I expected that desec supports DoT, but if I look at a PowerDNS Recursor with opportunistic DoT enabled I see status is “Bad” (meaning not working as expected):
PS: DoT and DoQ support is experimental, and not officially announced or documented. It is deployed to collect experience and learn about implications; however, there is no service expectation. The relevant RFCs encourage resolvers to handle things gracefully. – Given that DoQ is now RFC 9250, I would expect DoT to disappear again (not only at deSEC).
No. The DoT and DoQ specifications explicitly leave authentication between the resolver and the authoritative server unspecified (see RFC7858 Section 3.2 and RFC9250 Section 5.1, respectively). (This is explicitly defined differently than for traffic between a client and a resolver.)
One of the reasons is that it’s not a good idea to have DNS service depend on the WebPKI which again depends on the DNS, so the problem has been left to be solved later.
The problem is currently being tackled in the DPRIVE working group of the IETF. It was determined that for the moment, opportunistic encryption is better than creating a catch-22 situation. Their current protocol draft therefore says:
For unilateral deployment, an authoritative server does not need to offer any particular form of authentication.
The simplest deployment would simply provide a self-issued, regularly-updated X.509 certificate. This mechanism is supported by many TLS and QUIC clients, and will be acceptable for any opportunistic connection.
This is what we’re implementing, very conciously. Please also note that resolvers (for now) don’t check the WebPKI anyway, so nothing is gained with such a certificate (although complexity would be added).
I’m sure the working group welcomes additional opinions, so if you’d like to give them feedback, feel free to post on their mailing list.
The question of how to do in-band authentication (within the DNS, without WebPKI) will be tackled afterwards. The protocol community feels like it’s better to not implement quick solutions and change them later, but instead spend sufficient thought on finding a good solution so that it can stay.

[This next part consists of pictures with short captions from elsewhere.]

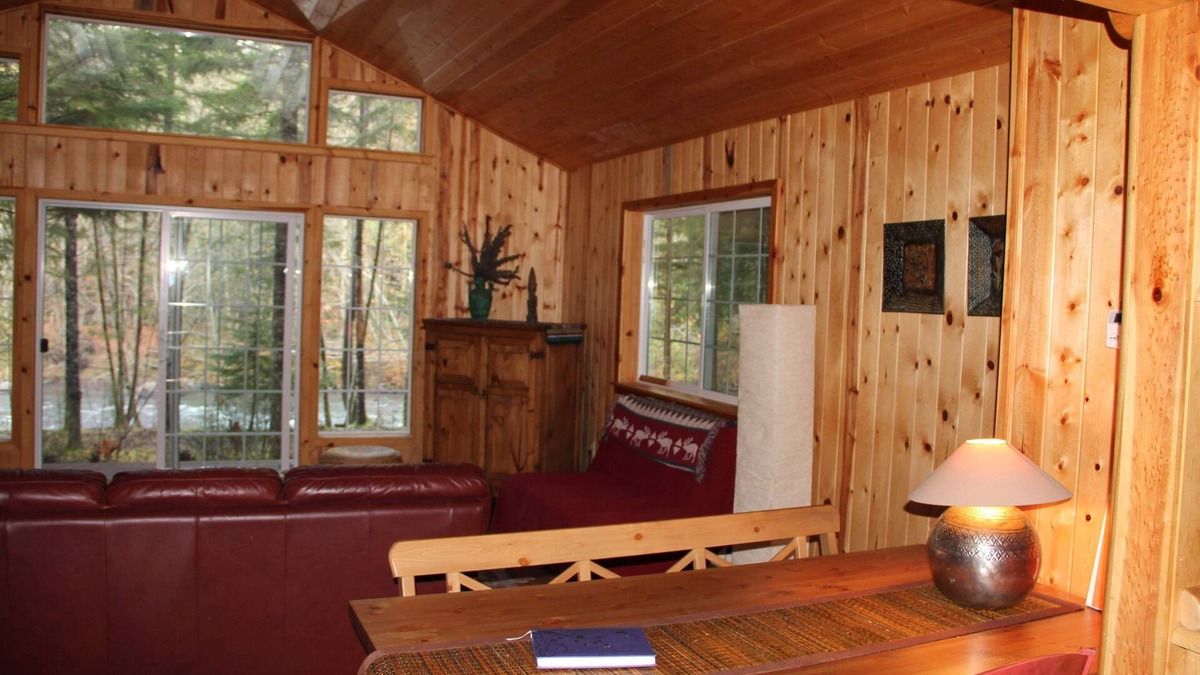 Mount Hood Village Cabin | Riverfront Cabin with Panoramic Views, Hot Tub & Seclusion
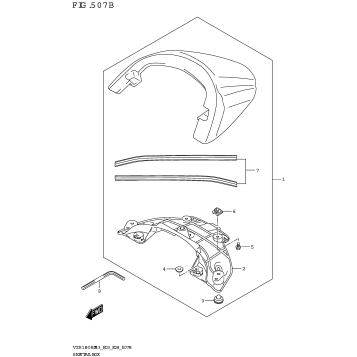 SEAT TAIL BOX (SEE NOTE 1) 507B
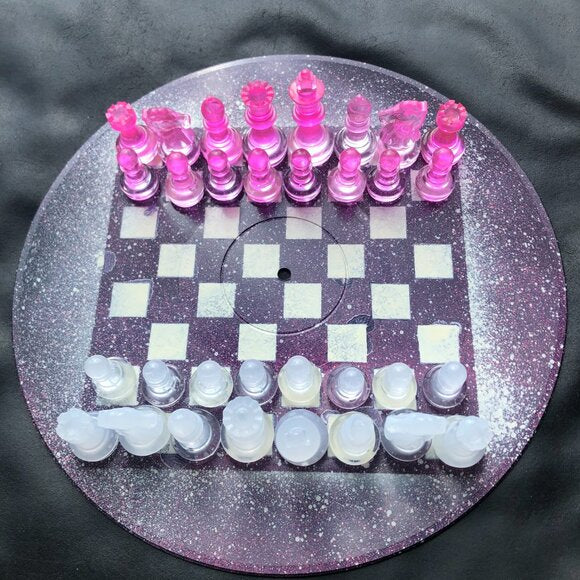 Vinyl Chess Set - Purple Stars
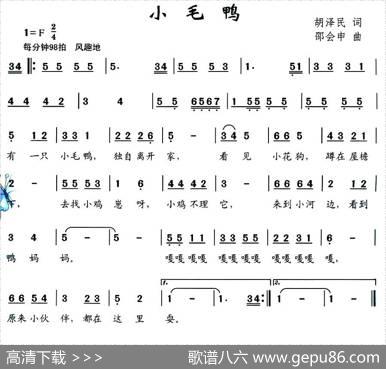 小毛鸭 - 胡泽民|邵会申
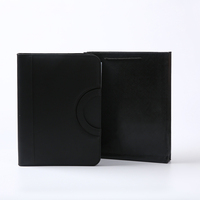 Porte-documents personnalisé en PU avec fermeture éclair, design multi-poches et bloc-notes pour les professionnels exigeants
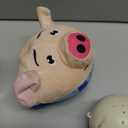 Active Moving Pet Plush Toy, Interactive Dog Toys Pet Bouncing Balls, USB Rechargeable Interactive Washable Cartoon Pig Plush Sound Electronic Dog Toy, Small Cute Squeaky Pig Dog Toy (Blue)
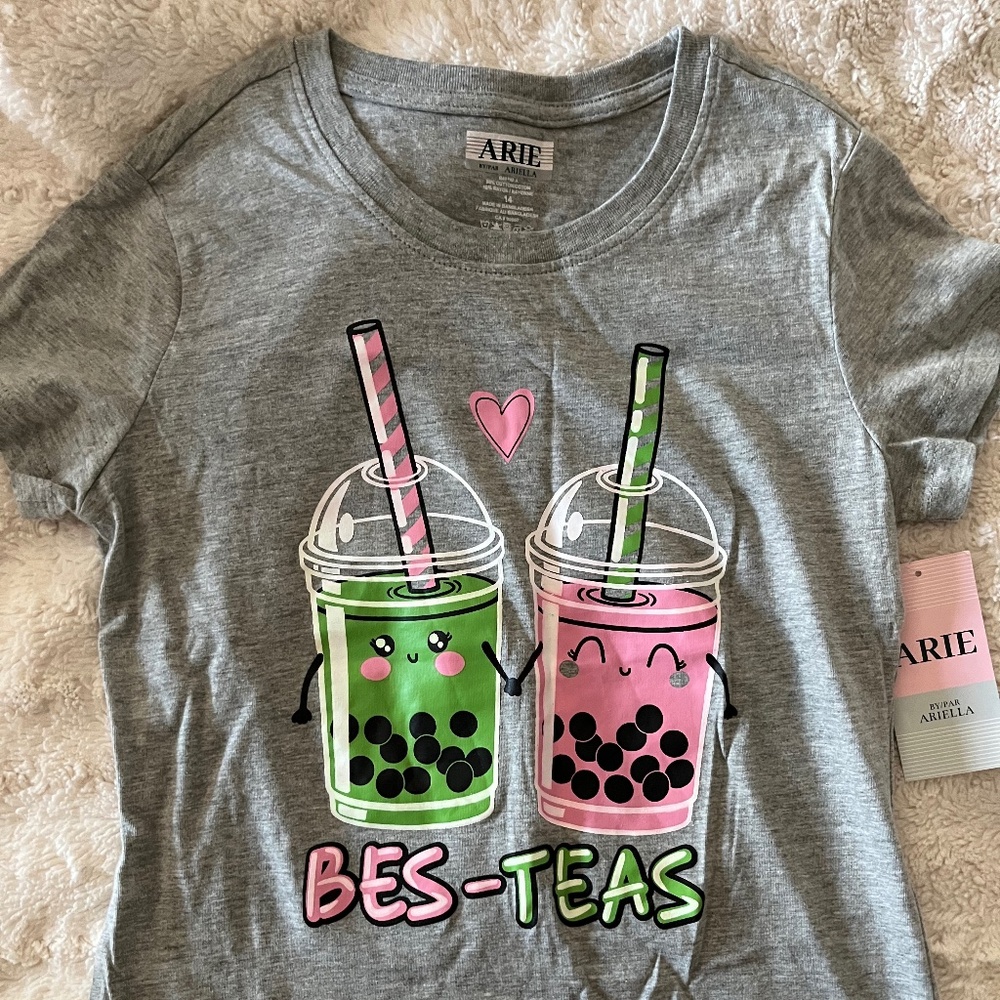 Bubble tea bestie graphic tee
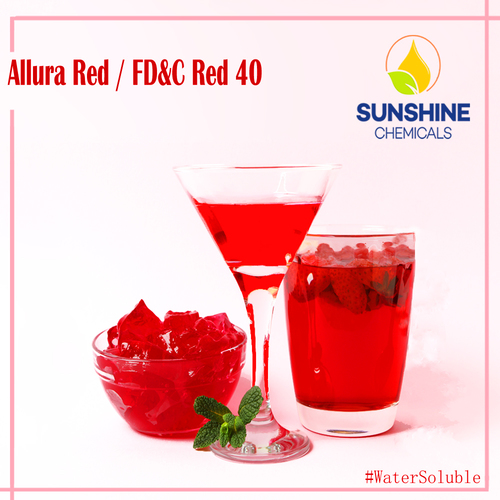 Allura Red Color Application: Industrial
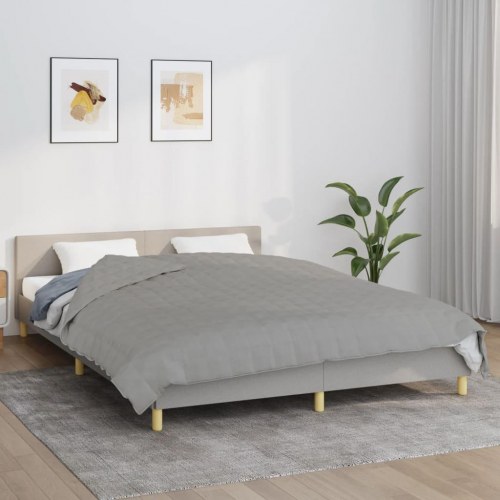 Tyngdetæppe 200 × 230 cm - 9 kg, bomuldsstof, grå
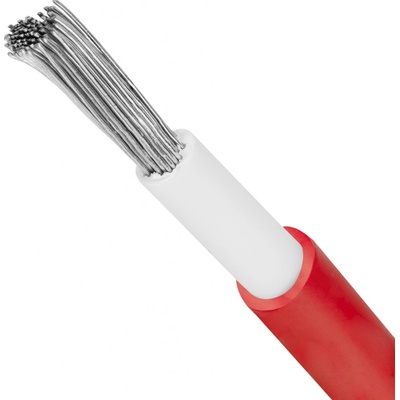 Praktis Solárny kábel 6mm2 1 bm červený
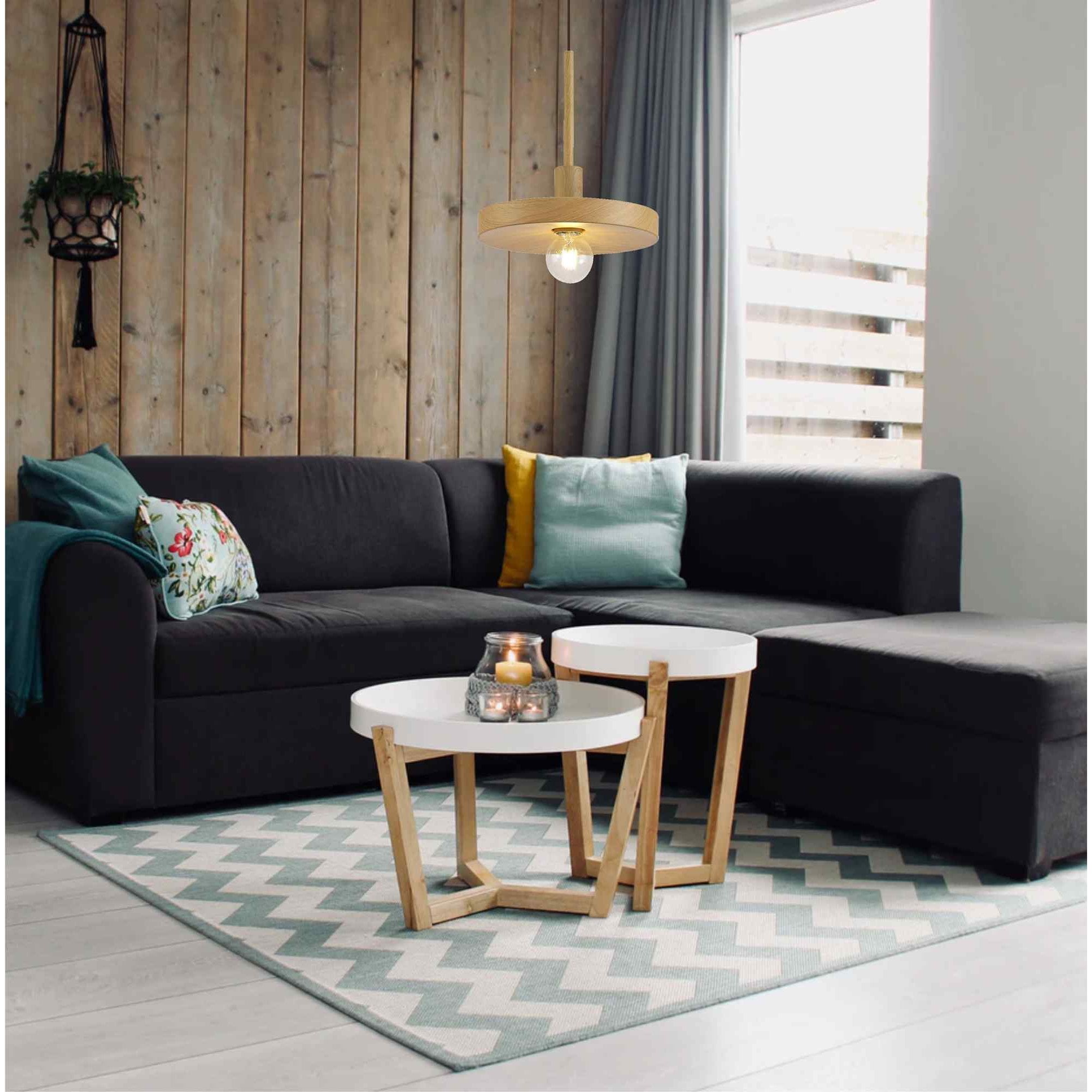 NL75969 Lat Single Pendant 1 Light Adjustable Marble Effect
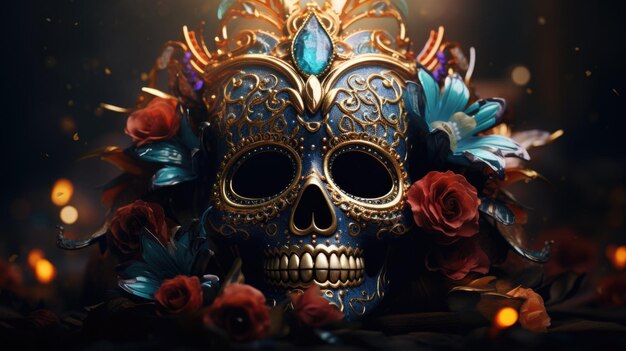 Dia de muertos dzień umarłych maskarada makijaż strasz fest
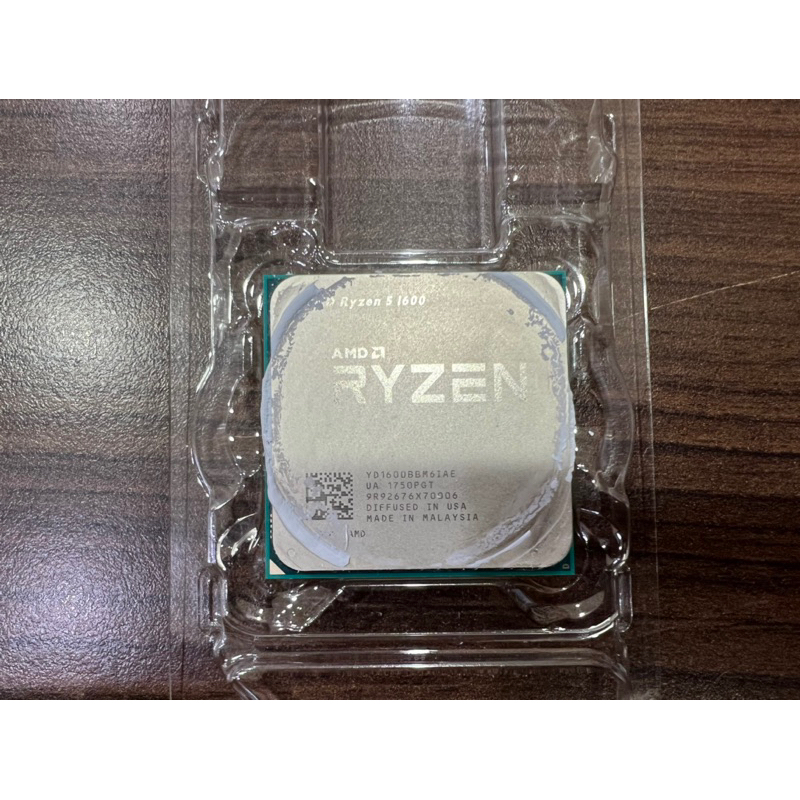 AMD Ryzen 5 1600 處理器  AMD R5 1600 6核12緒 AM4 CPU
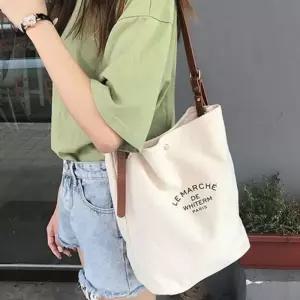 [라일리] Rly 레터링 여성 캔버스백 크로스 배색 캔버스백 데일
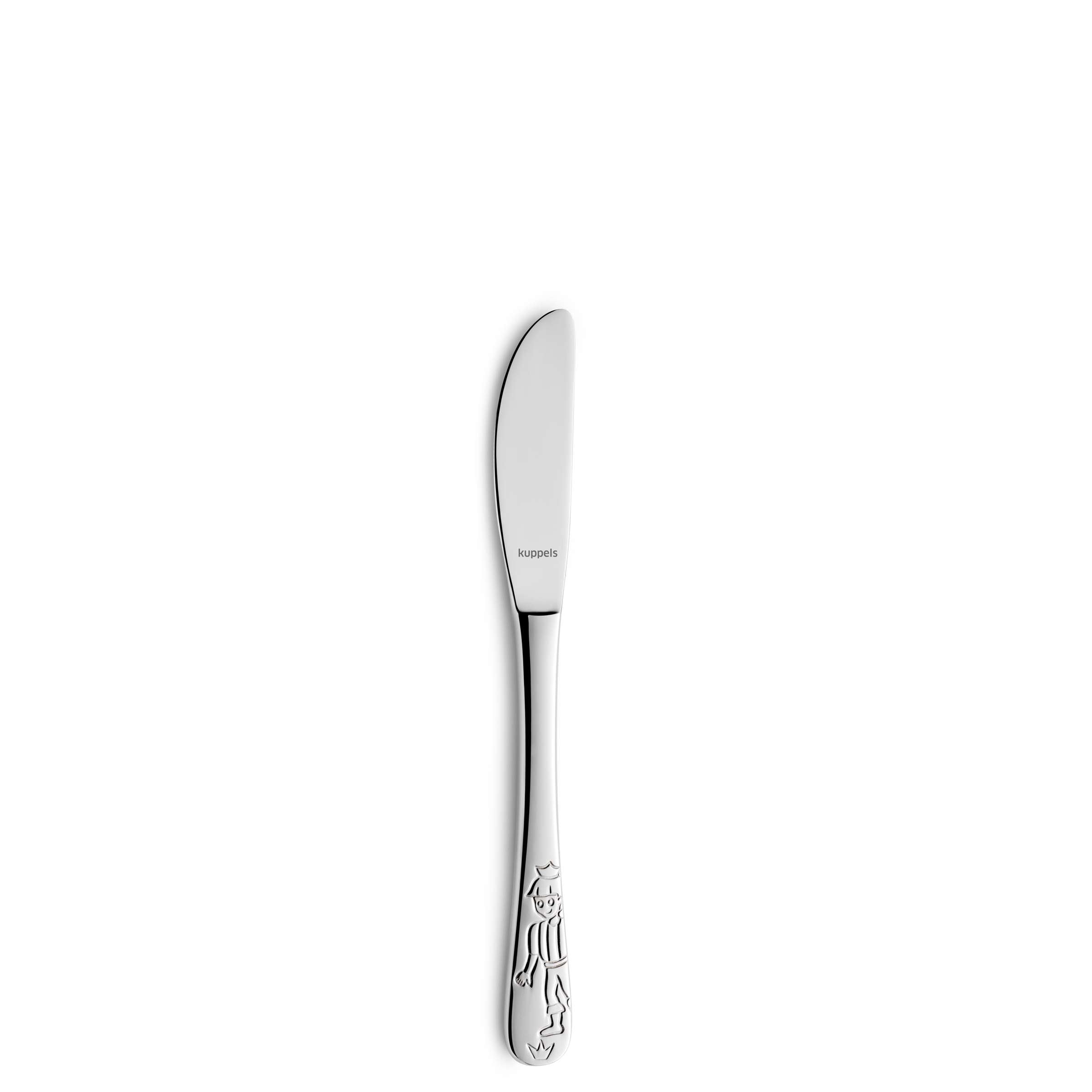 Kinderbesteck-Set für Kinder, 4-teilig von Kuppels, mit bunten Prinzessin-Motiven und kindgerechtem Design, aus Edelstahl gefertigt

There are a few ideas around, such as draft-dickson-dprive-adot-auth.
I’m not sure what you mean – once you can observe the records on our servers, they already have propagated.
Ah, whoops! Sorry, I wasn’t familiar with the challenges regarding encrypting authoritative server responses.
Regarding propagation: I meant propagating to other servers. I assume that moments after I update a record, making DNS queries with the desec nameservers will give me updated values before e.g. Google Public DNS. Sometimes this is convenient. Having encryption for this is nice.
FWIW, we’re considering to shift to DoQ, and not provide DoT support in the future anymore.
As support wasn’t documented in the first place, we’ll likely shut this down at some point in the future without further notice. We recommend using DoQ instead (which, still, is provided for convenience only and not as a core service).